- Exercise -
For each entry, return the text exactly and omit any image.

- Dataset excerpts -
BEGIN

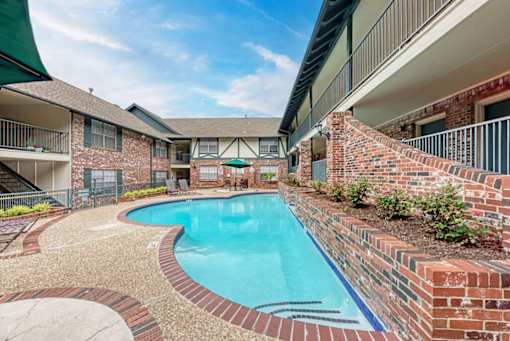 A swimming pool surrounded by a brick wall and a stone patio.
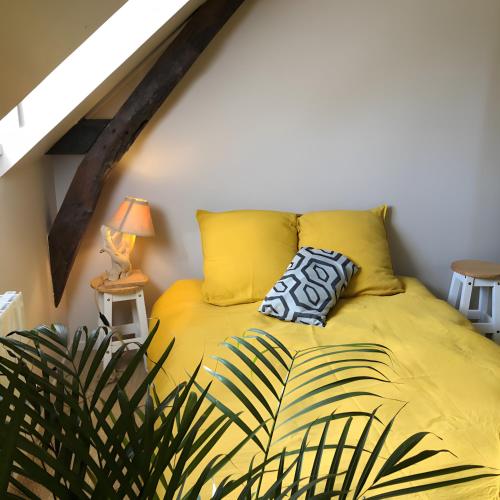 a bedroom with a yellow bed with two pillows at Gîte Bonaty in Soulgé-sur-ouette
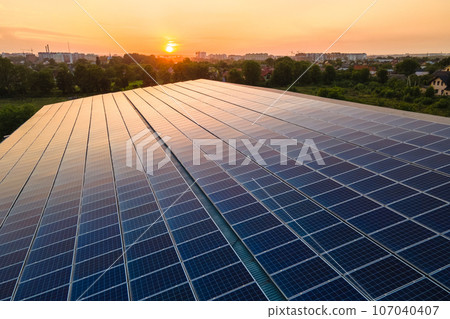 Blue photovoltaic solar panels mounted on building roof for producing clean ecological electricity at sunset. Production of renewable energy concept. Blue photovoltaic solar panels mounted on building roof for producing clean ecological electricity at sunset. Production of renewable energy concept. 107040407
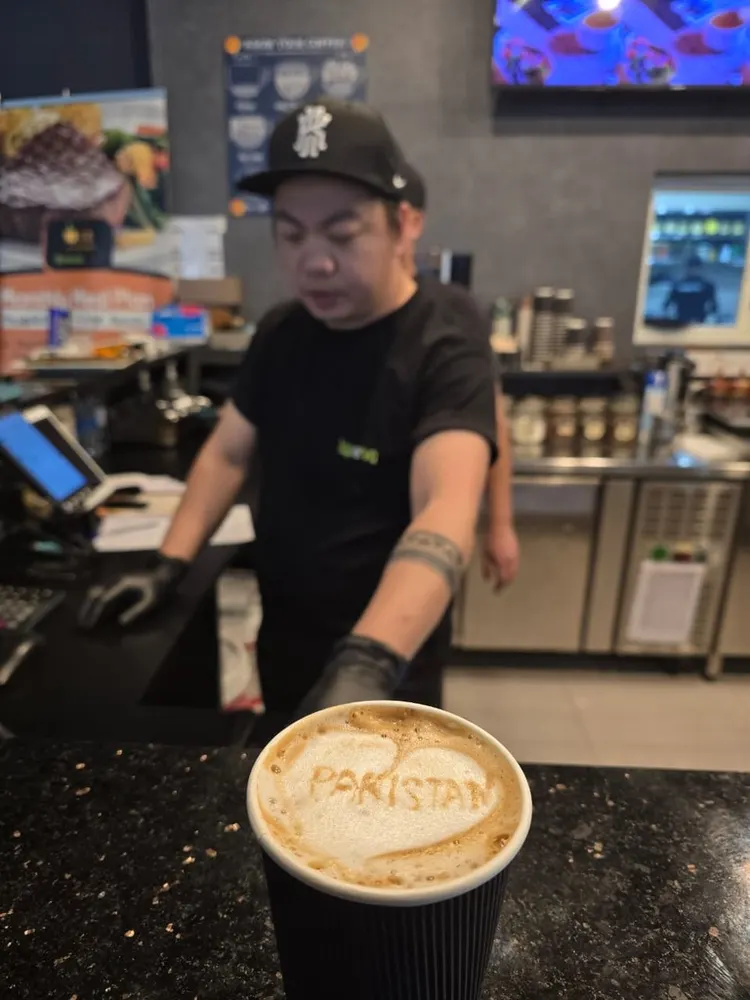 A latte with "Pakistan" in the foam art at a Dubai café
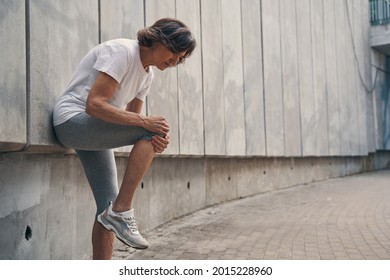 Aged Slim Woman Hurting Knee Joint While Running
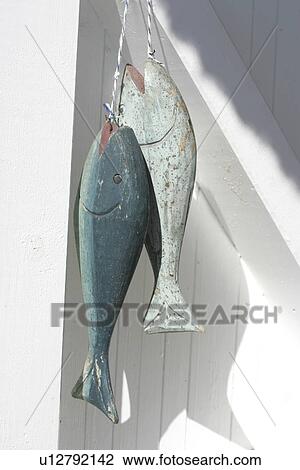 Stock Image - Holzfische. Fotosearch
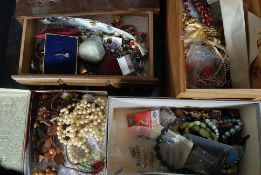 A large amount of assorted costume jewellery to include necklaces, bracelets, rings, cufflinks,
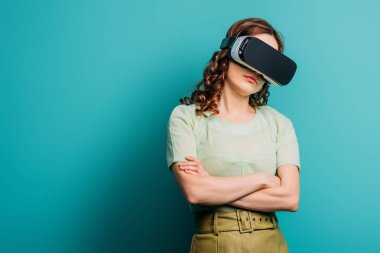Mavi arka planda çapraz kolları olan VR kulaklıklı şüpheli kız.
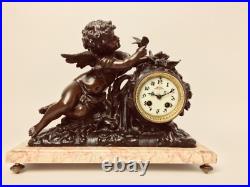 Pendule Xixeme Siecle, Avec Putti Et Oiseaux Patine Brune En Regule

END

- Solution below -
 A swimming pool surrounded by a brick wall and a stone patio.
 a bedroom with a yellow bed with two pillows at Gîte Bonaty in Soulgé-sur-ouette
 Blue photovoltaic solar panels mounted on building roof for producing clean ecological electricity at sunset. Production of renewable energy concept. Blue photovoltaic solar panels mounted on building roof for producing clean ecological electricity at sunset. Production of renewable energy concept. 107040407
 A latte with "Pakistan" in the foam art at a Dubai café
 Aged Slim Woman Hurting Knee Joint While Running
 Stock Image - Holzfische. Fotosearch
 A large amount of assorted costume jewellery to include necklaces, bracelets, rings, cufflinks,
Mavi arka planda çapraz kolları olan VR kulaklıklı şüpheli kız.
 Pendule Xixeme Siecle, Avec Putti Et Oiseaux Patine Brune En Regule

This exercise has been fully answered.